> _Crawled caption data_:
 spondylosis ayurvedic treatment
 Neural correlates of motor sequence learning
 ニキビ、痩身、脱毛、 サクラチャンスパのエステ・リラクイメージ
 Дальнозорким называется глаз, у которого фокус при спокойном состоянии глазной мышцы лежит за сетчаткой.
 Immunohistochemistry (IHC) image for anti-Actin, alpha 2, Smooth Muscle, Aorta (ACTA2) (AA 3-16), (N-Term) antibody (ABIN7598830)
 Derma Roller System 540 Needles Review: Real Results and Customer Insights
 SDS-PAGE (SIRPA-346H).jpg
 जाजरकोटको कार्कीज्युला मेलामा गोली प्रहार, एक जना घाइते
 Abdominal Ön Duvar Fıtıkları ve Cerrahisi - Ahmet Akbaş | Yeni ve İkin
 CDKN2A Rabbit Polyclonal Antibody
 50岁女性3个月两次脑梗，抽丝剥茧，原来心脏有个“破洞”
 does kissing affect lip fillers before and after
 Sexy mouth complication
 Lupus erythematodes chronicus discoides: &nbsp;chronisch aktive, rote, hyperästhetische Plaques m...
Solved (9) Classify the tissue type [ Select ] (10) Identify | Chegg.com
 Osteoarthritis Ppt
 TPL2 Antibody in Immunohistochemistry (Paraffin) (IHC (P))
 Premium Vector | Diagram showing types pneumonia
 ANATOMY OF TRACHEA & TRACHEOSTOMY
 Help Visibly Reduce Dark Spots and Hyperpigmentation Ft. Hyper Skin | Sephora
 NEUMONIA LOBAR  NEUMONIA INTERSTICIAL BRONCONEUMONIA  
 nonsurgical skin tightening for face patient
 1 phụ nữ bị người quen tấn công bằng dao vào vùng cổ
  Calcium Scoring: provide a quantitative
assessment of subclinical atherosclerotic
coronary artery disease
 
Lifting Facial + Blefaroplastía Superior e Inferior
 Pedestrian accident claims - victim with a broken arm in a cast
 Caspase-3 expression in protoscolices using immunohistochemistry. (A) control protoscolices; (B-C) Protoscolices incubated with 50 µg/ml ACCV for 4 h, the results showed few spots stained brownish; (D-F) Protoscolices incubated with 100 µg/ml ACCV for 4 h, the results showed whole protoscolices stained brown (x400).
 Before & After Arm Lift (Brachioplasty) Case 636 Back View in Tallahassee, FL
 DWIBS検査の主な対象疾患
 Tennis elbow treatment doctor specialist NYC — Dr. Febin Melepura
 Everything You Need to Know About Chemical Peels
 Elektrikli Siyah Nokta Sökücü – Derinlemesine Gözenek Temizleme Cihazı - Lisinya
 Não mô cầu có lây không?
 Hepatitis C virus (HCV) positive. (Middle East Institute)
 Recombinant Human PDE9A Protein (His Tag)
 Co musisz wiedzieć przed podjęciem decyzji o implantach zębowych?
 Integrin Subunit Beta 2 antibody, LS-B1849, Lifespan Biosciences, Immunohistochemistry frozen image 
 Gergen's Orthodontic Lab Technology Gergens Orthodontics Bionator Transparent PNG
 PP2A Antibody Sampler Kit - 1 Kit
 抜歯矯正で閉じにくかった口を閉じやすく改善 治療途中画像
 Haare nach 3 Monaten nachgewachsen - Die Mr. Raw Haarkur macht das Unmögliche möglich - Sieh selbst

> _Work task_: A word-for-word copy of the entries, from the first line through the line containing "Дальнозорким называется глаз, у", is the whole answer.

> _Exercise answer_:
 spondylosis ayurvedic treatment
 Neural correlates of motor sequence learning
 ニキビ、痩身、脱毛、 サクラチャンスパのエステ・リラクイメージ
 Дальнозорким называется глаз, у которого фокус при спокойном состоянии глазной мышцы лежит за сетчаткой.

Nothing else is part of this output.